I John 4:18 “Such love has no fear, because perfect love expels all fear.”
If I were to never know human failure, I would never understand my need to run to You. The rejection of humanity and it’s flawed version of love pushes me to search for You. My spirit longs for a safe place, a security that can’t be broken, a constant, unconditional, and in it’s deepest part, a perfect love. A peace unknown to this world. A peace unattainable in humanity.

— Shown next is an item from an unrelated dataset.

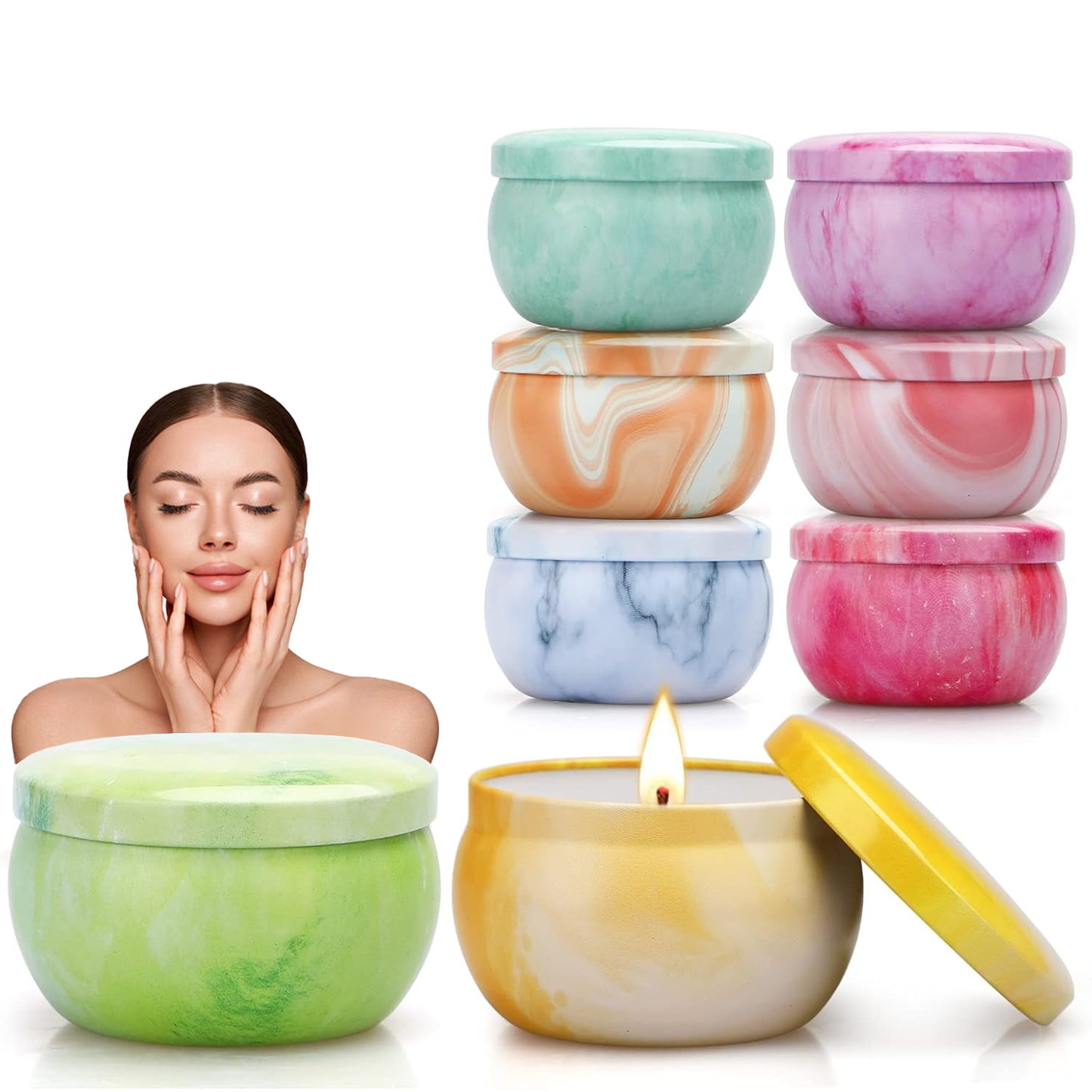 Aromatherapy Oil Candles - 8 Pack Scented Candles Gifts Set 120 Hours Burning Time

It is only through experiencing pain, and brokenness in human relationship that I am able to comprehend some fragment of who You really are, why I need You, and why my soul longs for You. I hate my pain, but it is only through trials that challenge who I am, my value, my worth, my contribution to this life, that I am plunged more deeply into You, and made more desperate for You than every day before. How could I have known this for so long but never understood it? Your Spirit communing with mine; a revelation of all of Your words spoken through the ages in one small moment. Not in my head, but into my very soul.
I need You.
And not just that I need because I have been damaged, but because I was designed for You. To be found in You, held by You, known by You, cherished, desired, all of it. How is it that I can just now see it?
A perfect love.
When humans fail, I can see You, run to You, be loved wholly and completely. Loved without contention, without expectation, without fear, without resentment, pity, guilt, or shame.
You meet me with Your perfect love in my flawed reality. I couldn’t see it, understand it, or even know I needed it without a broken humanity. Your perfect love is enough. It is all I need. In every tainted moment, in every hurt, sorrow, and sadness, I am met with a perfect love.